İhbar Tazminatının Miktarı
İhbar tazminatı, işçinin işyerindeki hizmet süresine göre uyulması gereken bildirim süreleri (İK m.17/2) göz önünde tutularak hesaplanır. İhbar tazminatına esas olacak kıdemin hesabında iş sözleşmesinin askıda kaldığı sürelerin veya işçinin işyerinde aralıklı çalışması halinde, ihbar tazminatına esas olacak hizmet süresinin toplam çalışma süresi üzerinden hesaplanması gerektiği düşünülmektedir.
- İş akdiniz 6 aydan kısa sürdüyse bildirimi diğer tarafa yapmanızdan itibaren 2 hafta sonra,
- İş akdiniz 6 aydan 1 buçuk yıla kadar sürdüyse bildirimi diğer tarafa yapmanızdan itibaren 4 hafta sonra,
- İş akdiniz 1 buçuk yıldan 3 yıla kadar sürdüyse bildirimi diğer tarafa yapmanızdan itibaren 6 hafta,
- İş akdiniz 3 yıldan uzun sürdüyse bildirimi diğer tarafa yapmanızdan itibaren 8 hafta sonunda ihbar süresini tamamlayarak iş sözleşmesini feshetmiş olursunuz.
Bu tazminat, işçinin fesih anındaki brüt ücreti üzerinden ve İK m.17’nin son fıkrasına göre, temel ücrete ek olarak para veya para ile ölçülmesi mümkün sözleşme ve kanundan doğan menfaatler de göz önünde tutularak belirlenir. Başka bir deyişle, ihbar tazminatı, geniş anlamda ücret üzerinden hesaplanır; ancak ihbar tazminatının belirlenmesinde arızi olmayıp, devamlılık arz eden ödemeler nazara alınır. Bu nedenle Yargıtay, devamlılık göstermeyen temettü ikramiyesi ile jestiyon priminin ihbar tazminatında dikkate alınmayacağını kararlaştırmıştır.
Örnek bir hesaplama ile; son 30 günlük brüt maaşı 4.500 TL olan ve 4 yıl çalışmış bir işçiye: 8 haftalık brüt ücreti kadar ihbar tazminatı ödenmelidir. 4.500 / 30 gün = 150 TL günlük, 150 x 7 gün = 1.050 TL haftalık, 8 hafta x 1.050 = 8.400TL Brüt İhbar Tazminatı olacaktır. Gelir vergisi ve damga vergisi düşüldükten sonra, ödenecek olan Net İhbar Tazminatı miktarı da tespit edilmiş olacaktır.

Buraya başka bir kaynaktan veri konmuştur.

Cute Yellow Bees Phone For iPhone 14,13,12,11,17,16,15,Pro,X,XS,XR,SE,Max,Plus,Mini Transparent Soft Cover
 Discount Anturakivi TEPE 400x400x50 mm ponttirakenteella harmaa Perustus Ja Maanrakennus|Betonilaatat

İK m.17/3 uyarınca, sözleşme ile bildirim süreleri artırılmışsa, ihbar tazminatının bu artırılmış sürelere göre hesaplanması gerekir. Çünkü bildirim sürelerinin asgari olduğunu öngören ve bunların sözleşme ile artırılabilmesine olanak tanıyan İK m.17/3’ün açık düzenlemesi karşısında, sözleşmeyle artırılan sürelerin ihbar tazminatının hesabında dikkate alınmayacağı ileri sürülemez. İhbar tazminatı hesaplanırken şu sıralama takip edilmelidir:
- İlk olarak işçinin ihbar süresi hesaplanmalıdır. Bu süre hesaplanırken işçinin çalışma süresi esas alınarak 4857 sayılı İş Kanunu m.17’de düzenlenen ihbar süreleri tespit edilmelidir.
- İkinci olarak, sözleşmenin feshedildiği tarihteki işçinin brüt ücreti üzerinden hesaplama yapılacaktır. İşçinin çalışma süresi belirlenip, sonra işçinin iş yerinden ayrıldığı tarihteki son ücretinin günlük olarak karşılığı hesaplanmalıdır.
- Son olarak, işçinin günlük kazancı ile ihbar süresinin gün sayısına çarpılması ile brüt ihbar tazminatı hesaplanmış olacaktır.
İş Arama İzni
İş arama izni kanunda düzenlenmiş ihbar süresinde çalışan işçiye yeni iş bulması amacıyla mesai saatlerinde yasanın belirlediği en az süre kadar izin verilmesidir. Bu sayede işçi, işsiz kalmamak için iş arama imkanına kavuşmuş olur. 4857 sayılı İş Kanunu m.27’ye göre;
“Bildirim süreleri içinde işveren, işçiye yeni bir iş bulması için gerekli olan iş arama iznini iş saatleri içinde ve ücret kesintisi yapmadan vermeye mecburdur. İş arama izninin süresi günde iki saatten az olamaz ve işçi isterse iş arama izin saatlerini birleştirerek toplu kullanabilir. Ancak iş arama iznini toplu kullanmak isteyen işçi, bunu işten ayrılacağı günden evvelki günlere rastlatmak ve bu durumu işverene bildirmek zorundadır.
İşveren yeni iş arama iznini vermez veya eksik kullandırırsa o süreye ilişkin ücret işçiye ödenir.
İşveren, iş arama izni esnasında işçiyi çalıştırır ise işçinin izin kullanarak bir çalışma karşılığı olmaksızın alacağı ücrete ilaveten, çalıştırdığı sürenin ücretini yüzde yüz zamlı öder.”
İhbar tazminatı ile iş arama izin ücreti hem yasanın farklı yerlerinde düzenlenmiştir. hem de içerik, nitelik ve hizmet ettiği amaçlar itibariyle birbirlerinden farklıdır. 4857 sayılı İş Kanunu’nda iş arama izninin kullandırılmaması ayrıca ücretle yaptırımlandırılmamıştır. Bu bakımdan işveren yasal ya da sözleşmesel sürelere uyarak, işçiyi fesih tarihi konusunda bilgilendirmiş ancak iş arama iznini kullandırmamış ise bu halde hem ihbar tazminatına hem de iş arama izin ücretine hükmedilemez. İşçi sadece iş arama izin ücretine hak kazanır.